Hit enter after type your search item
Home / Arts / Books / Chasing Hillary by Amy Choznick – Book review

Chasing Hillary by Amy Choznick – Book review

img

Chasing Hillary by Amy Choznick – The story behind how and why Hillary Clinton lost the divisive, volatile 2016 U.S. presidential election campaign to Donald Trump is quite a fascinating one, and it has already been the subject of two best selling books: one from the candidate’s point-of-view (What Happened) and from two of Hillary’s senior campaign workers (Shattered).

And now, there is another book that takes an inside look at Hillary Clinton’s 2016 campaign that was definitely hers to lose. However, this time it’s from the viewpoint from one of the girls on the bus … press bus, that is. And for New York Times reporter Amy Chozick’s book Chasing Hillary, it’s a story of how a veteran politician and former First Lady tried to break the political glass ceiling to become the first woman elected President of the United States, as told by a woman who spent most of her career breaking the glass ceiling of the male-dominated world of journalism in general, and political journalism in particular.

For starters, Chasing Hillary is an example of trench coat journalism and history-on-the-run reporting at its best that ranks up there with Timothy Crouse’s Boys on the Bus and Richard Ben Cramer’s What It Takes.

The book is a quasi-diary of Chozick’s on the road accounts of covering Clinton’s 2008 and 2016 presidential campaigns. From the trail of endless cookie cutter chain hotels, to criss-crossing the country by car and plane (until Clinton’s people splurged on a press bus during the latter part of the 2016 campaign), to the meals on the run (especially Panera Bread-style meal requests that were de rigeur every morning with the Clinton people), to the never ending campaign stops in every small town in America, to the snooty and at times uncooperative campaign staffers, to the stressful quest of getting scoops and meeting deadlines, Chozick gives the reader a gritty, unflinching – and at times thankless — look at what it’s like to cover a presidential campaign.

And the impression the reader gets when they finish Chasing Hillary was that Hillary Clinton was a two-time train wreck in a pants suit just waiting to happen.
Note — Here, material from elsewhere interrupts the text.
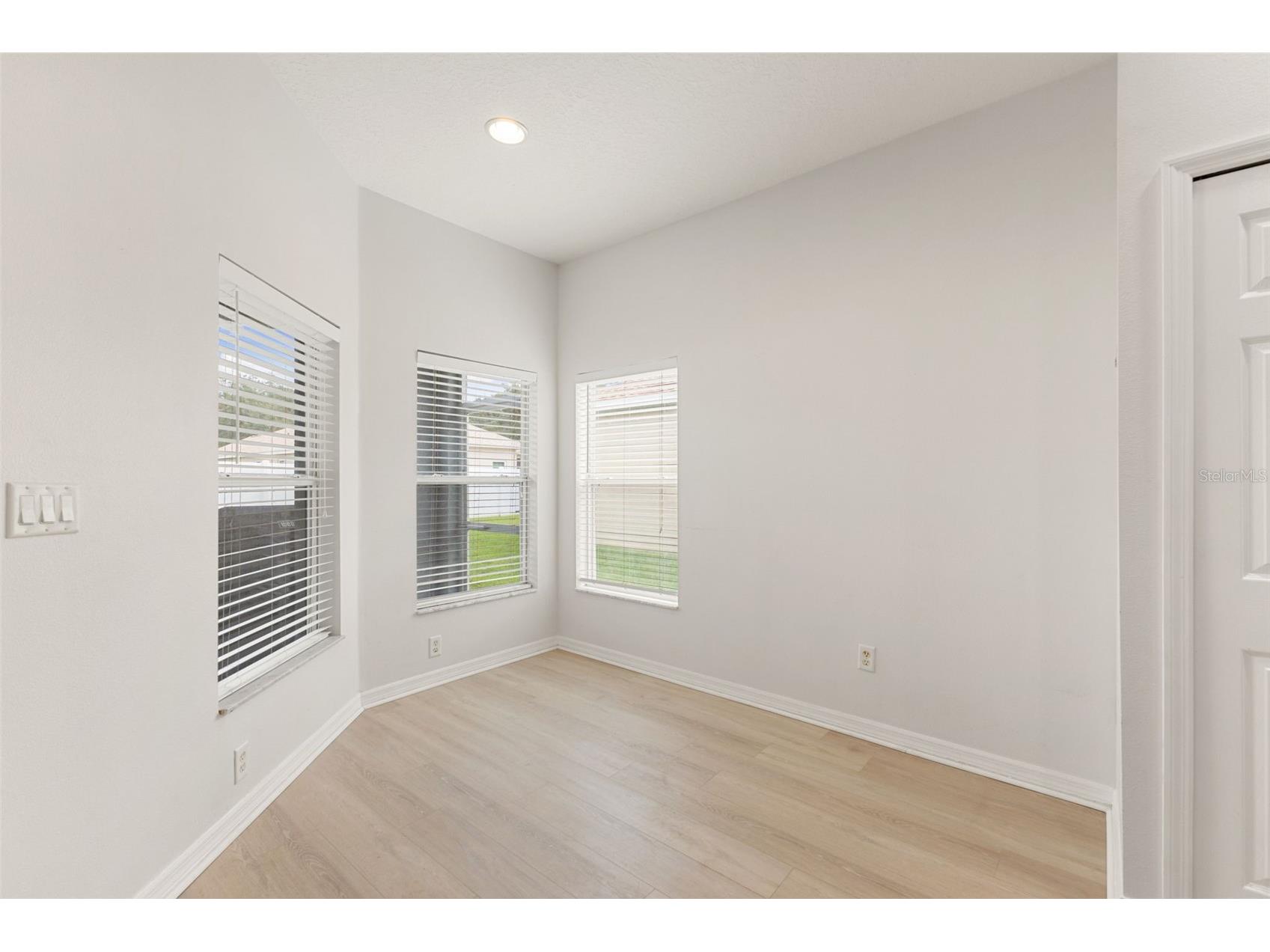 1005 Crystal Carbon Way Valrico FL 33594 TB8431928 image16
She comes off as a person whose intentions were genuine in theory, but became less genuine with every campaign appearance and whatever statement came out of her mouth (one vivid example of Hillary’s coterie of staffers trying to make her look genuine in the eyes of the media and potential voters was during a stop at the Iowa State Fair, when staffers scrambled to have her eat a corn dog so that she can be seen as a candidate of the people). And to make matters more difficult for Chozick and her job of covering Clinton, she and the candidate never really got along from the offset, thanks mainly to the pieces she wrote about Clinton in the New York Times that she thought were unflattering at the very least, especially a piece that was written late in the campaign that dealt with why she spent most of her time during this crucial period attending high profile fundraising events instead of being on the campaign trail.
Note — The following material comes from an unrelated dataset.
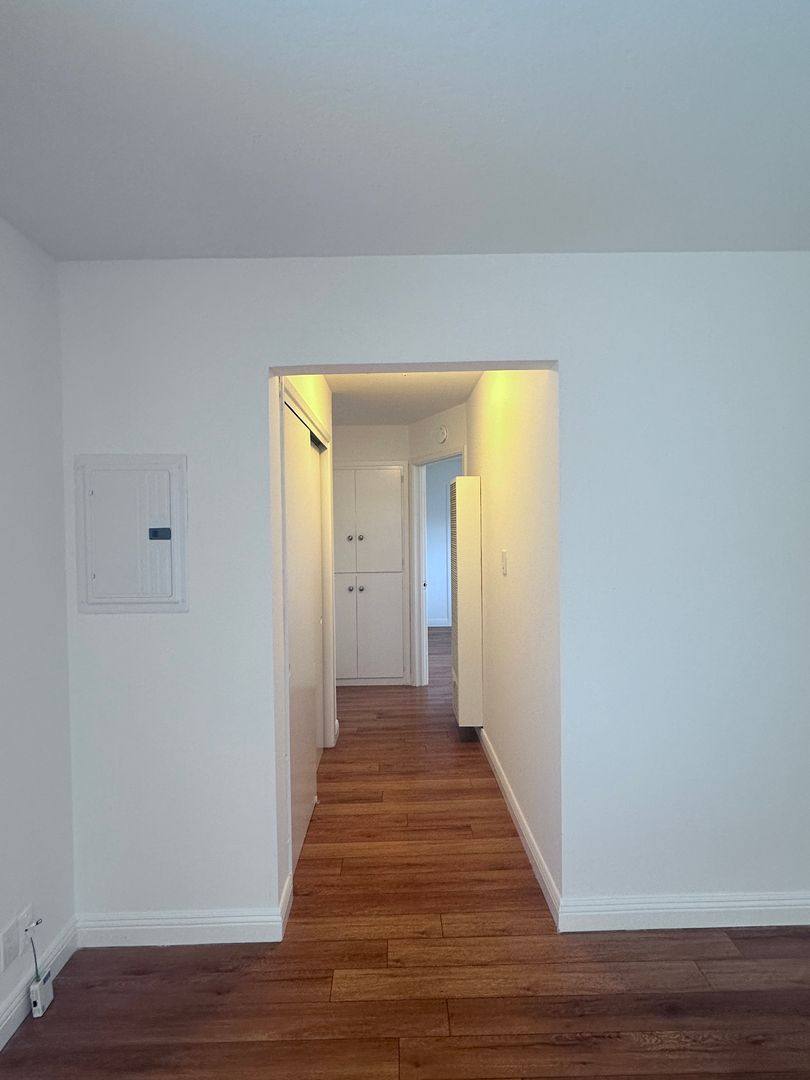 Apartment for rent at 906 E 4th Ave, San Mateo, CA 94401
What I enjoyed about the book is Chozick’s caustic, take-no-prisoners narrative style, which almost echoes the old school type of political journalism that you might have read about 50 or 60 years ago. In fact, I could envision her churning out the text on a battered Underwood typewriter, wearing a 1930s-style trench coat and a battered fedora with a “press” card jammed into the hatband, and a half-smoked cigar clenched between her teeth. There is plenty of sarcastic humor as well, especially as she gives a lot of code names to her media colleagues and campaign flunkies she has encountered on the road, from “Hired Gun Guy”, to “The Guys”, to “Policy Guy”, to “Brown Loafers”, to “Original Guy”; even Hillary doesn’t escape this code name treatment from Chozick (she gets the most polite one: “FWP”, or “First Woman President”).
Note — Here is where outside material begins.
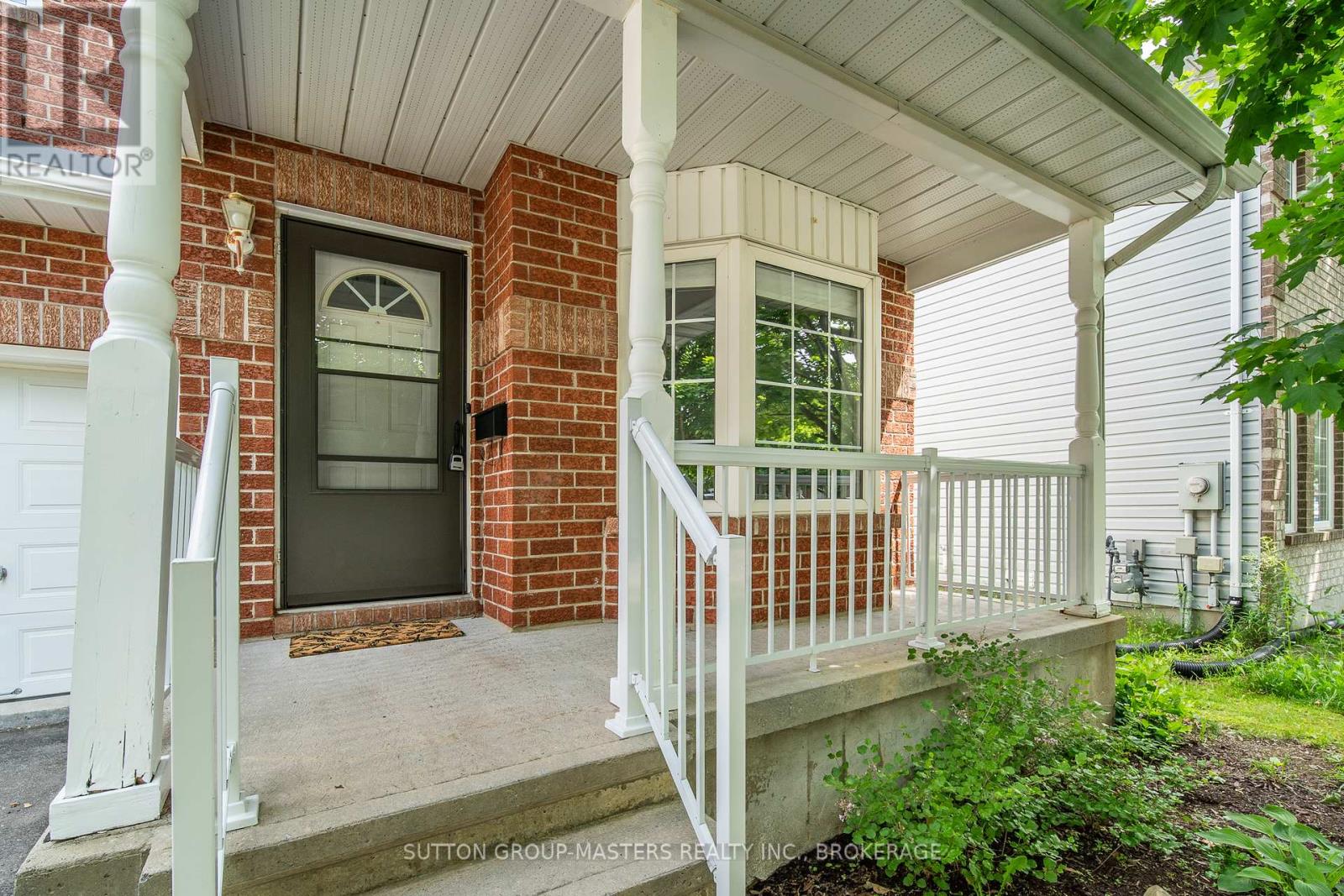 430 FIELDSTONE DRIVE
Chasing Hillary is a fascinating, absorbing, page turner of a trench coat memoir about the rigours a political journalist goes through to cover an election campaign, and the personal and professional toll it takes on both candidate and journalist alike. Amy Chozick endured all of these rigors and pressures on the road and in front of her laptop computer, as she valiantly covered what she and many other people thought would be a monumental achievement in American history. All she got was a lot of bylines, scoops, headaches and a glass ceiling that has remained intact, but with several cracks in it, waiting for the next potential FWP to break through it.  (Harper, $34.99)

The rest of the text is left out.